--- Work required ---
I'd like the entries reproduced exactly, with the images omitted.

--- Record extracts ---
----------

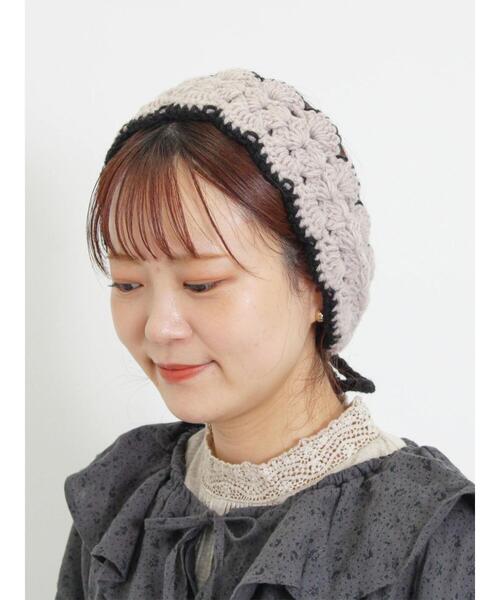 Samansa Mos2(サマンサ モスモス)の「【2WAY】かぎ編みヘアターバン付け襟(ネックレス・レディース・ベージュ/モカ・F)」の1枚目の写真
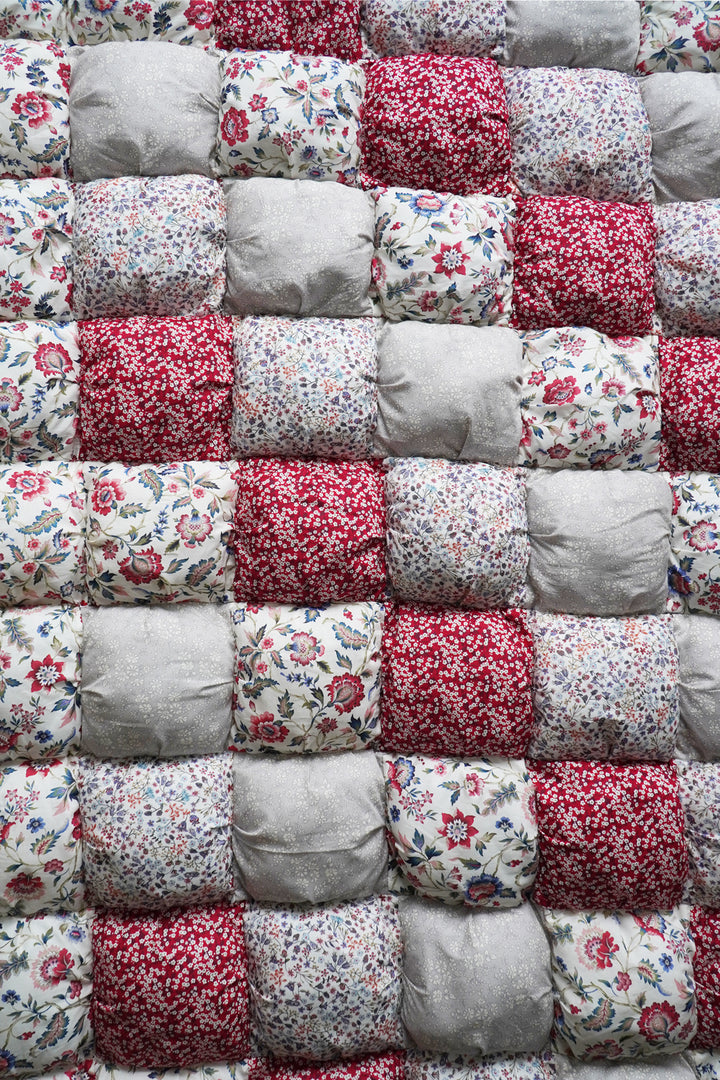 Handmade Liberty Fabric Puff Patchwork Bedspread EVA BELLE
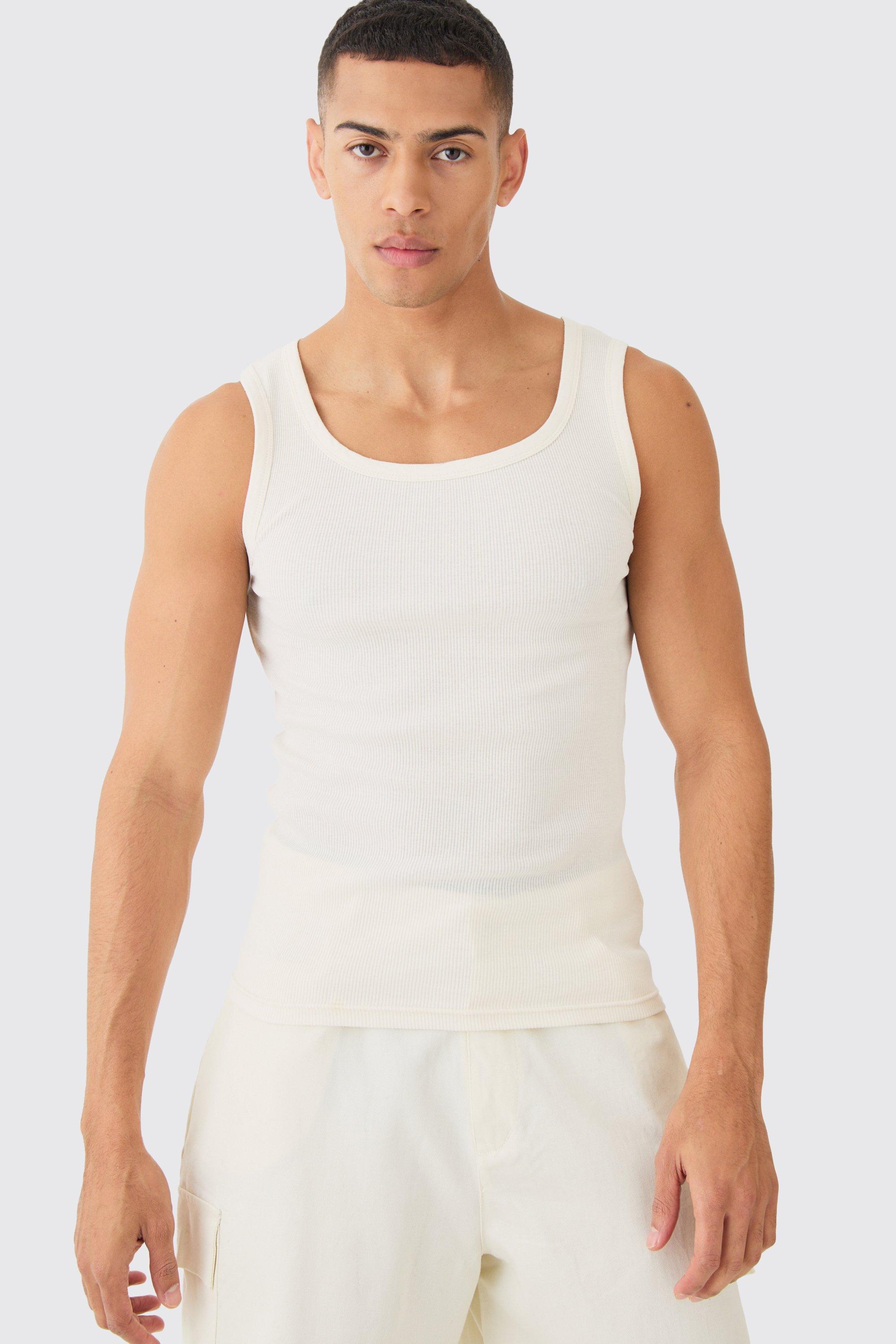 Mens Cream Ribbed Muscle Fit Vest, Cream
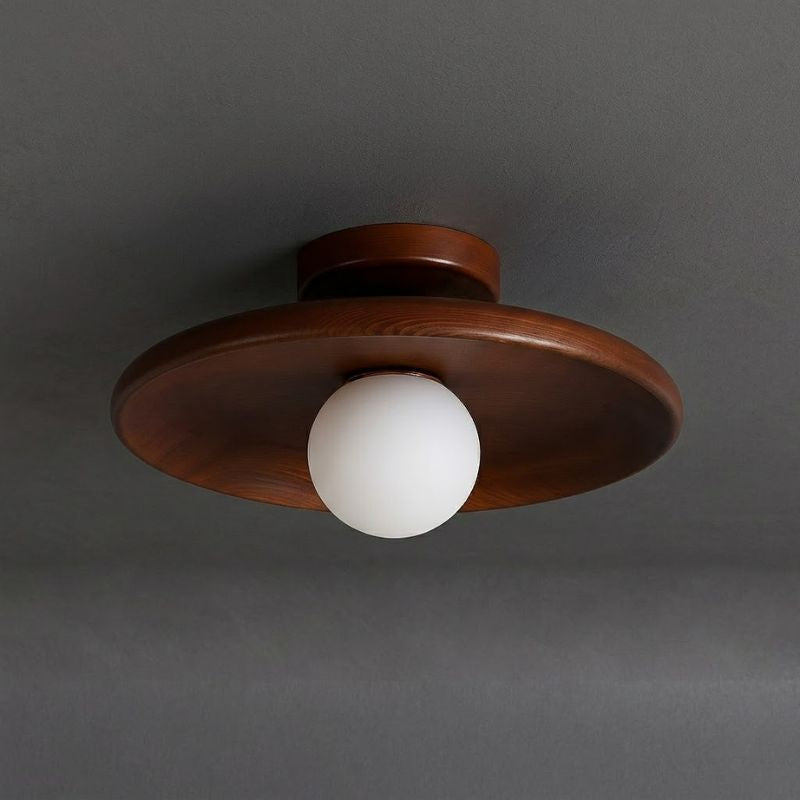 Plafon de Madeira Japandi Vidro Opalino Natural - homedecor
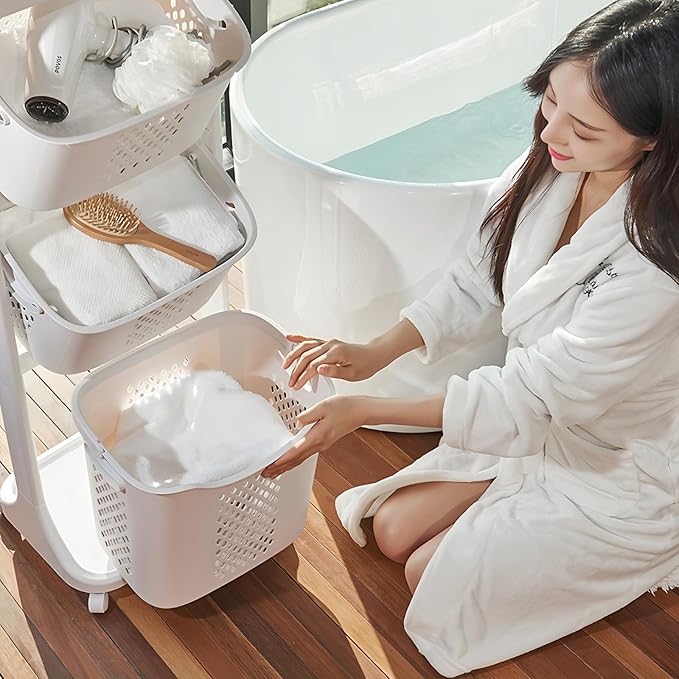 4-Tier Laundry Hamper Sorter, Laundry Storage Organizer with Wheels Removable Rolling Laundry Baskets, Bathroom Cart for Dirty Clothes, White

----------

--- Output of the exercise ---
 Samansa Mos2(サマンサ モスモス)の「【2WAY】かぎ編みヘアターバン付け襟(ネックレス・レディース・ベージュ/モカ・F)」の1枚目の写真
 Handmade Liberty Fabric Puff Patchwork Bedspread EVA BELLE
 Mens Cream Ribbed Muscle Fit Vest, Cream
 Plafon de Madeira Japandi Vidro Opalino Natural - homedecor
 4-Tier Laundry Hamper Sorter, Laundry Storage Organizer with Wheels Removable Rolling Laundry Baskets, Bathroom Cart for Dirty Clothes, White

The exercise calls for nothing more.